Provenance Demonstration Use Case

We introduce the provenance and search features of DataONE by means of a use case involving three earth scientists who interact through a DataONE member node, as shown below.

A user “Alice” can annotate a (Matlab, R, etc.) script using the YesWorkflow (YW) tool to describe the underlying workflow or prospective provenance. Then, Alice can call the RunManager record( ) function. The record( ) method takes the R/Matlab script as an argument and records files that were read and written by R/Matlab functions that are registered with the RunManager. After Alice has run the script, the result files, script, prospective provenance, and retrospective provenance, represented in the ProvONE provenance model, are bundled into an OAI-ORE compliant data package and published to the DataONE network.

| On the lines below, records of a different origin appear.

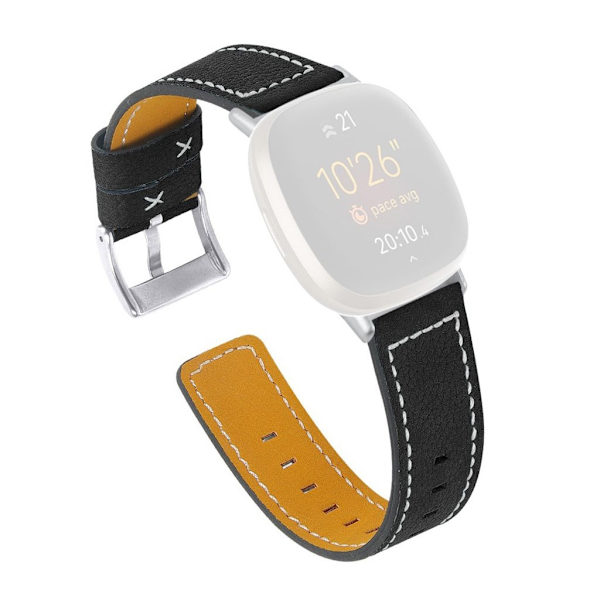 Fitbit Sense / Versa 3 weaving læder rem - sort Black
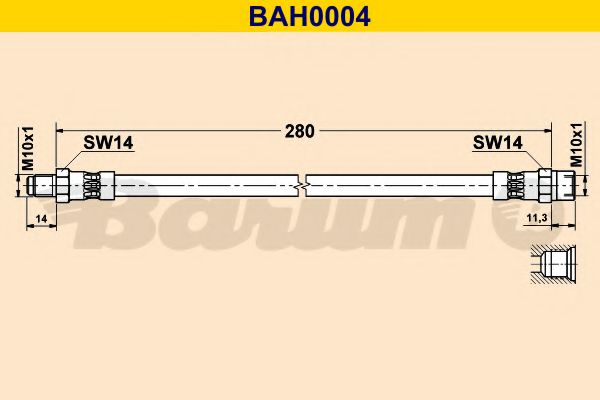 BARUM BAH0004 Тормозной шланг для ALFA-ROMEO (Алфа-ромэо) BARUM BAH0004 Тормозной шланг для ALFA-ROMEO (Алфа-ромэо)
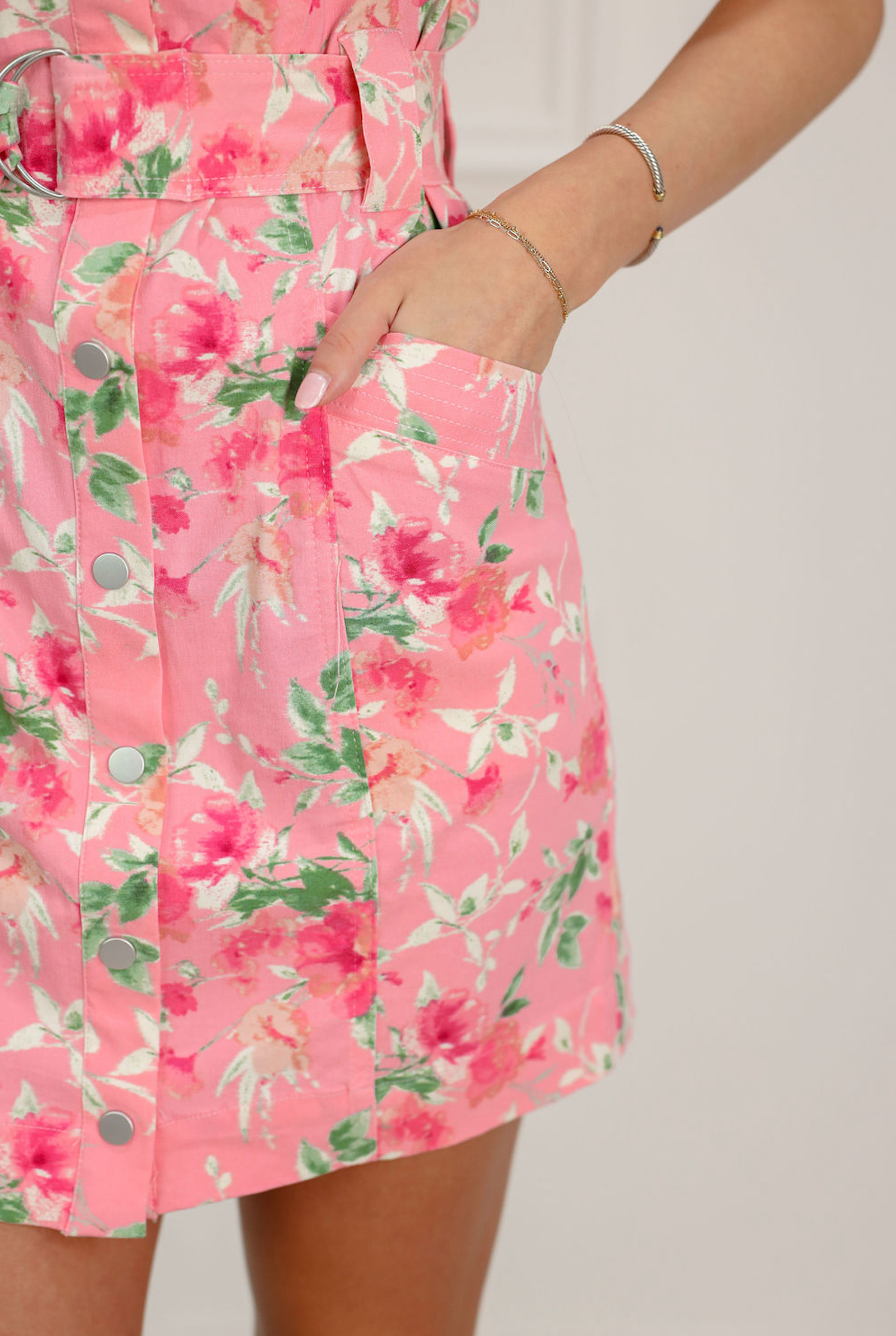 Lydia Floral Belted Button Dress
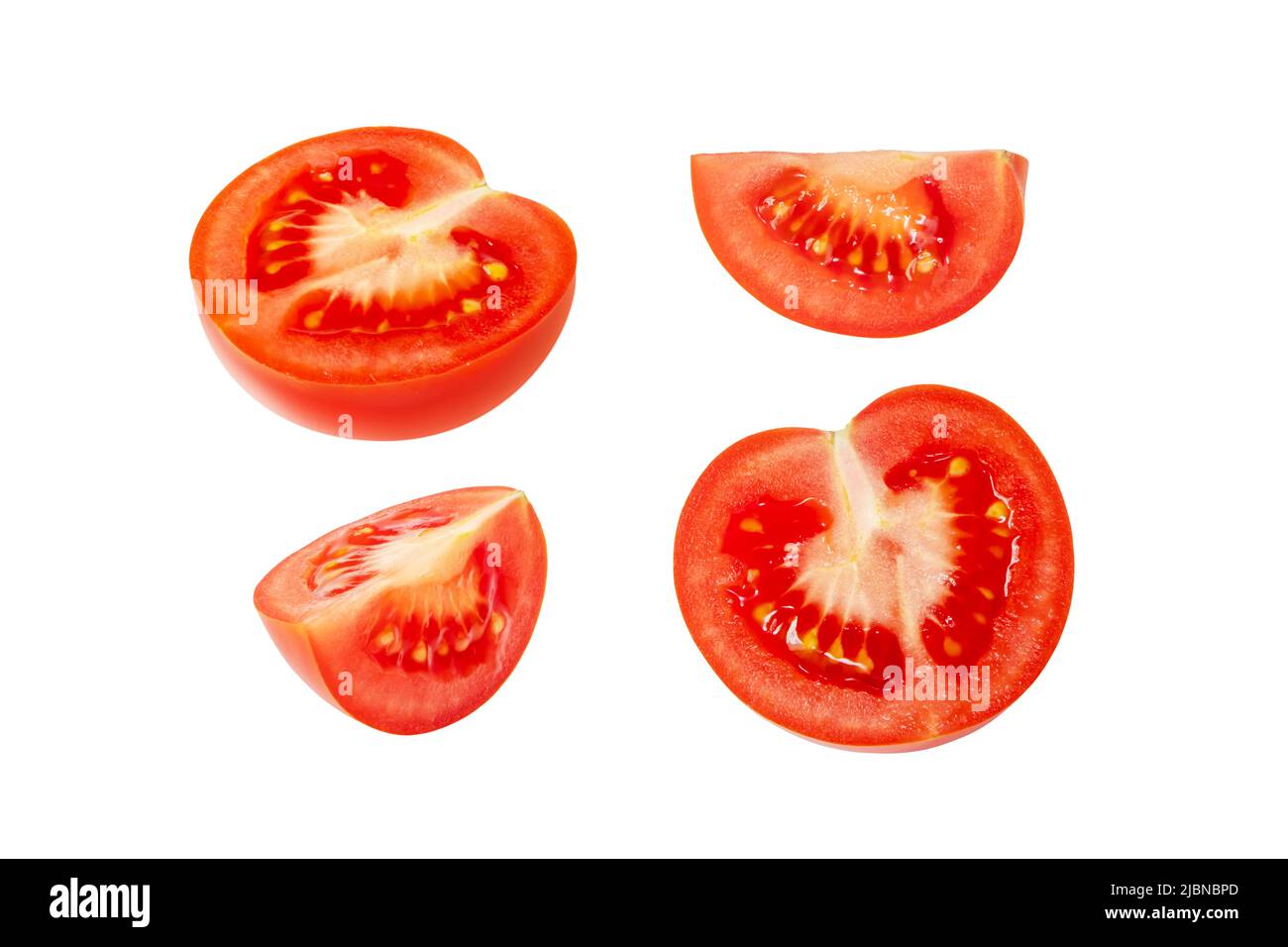 Tomato vegetable cut set isolated on white background. Solanum lycopersicum ripe fruit. Stock Photo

A second user (“Bob”) discovers Alice’s package and uses her data in his own analysis. Bob can call the RunManager record( ) function to record the retrospective and prospective information. The RunManager publish( ) can package and publish data generated by his script execution.

After the published data packages from Alice and Bob are indexed by the coordinating node, a third user (“Charlie”) who browses DataONE Search site can discover the full provenance of Bob’s results.

ProvONE data model is an extension of the W3C PROV-O standard for representing provenance, and includes specializations for representing both retrospective provenance about the runtime execution and prospective provenance about the structure and flow of the analytical script or workflow.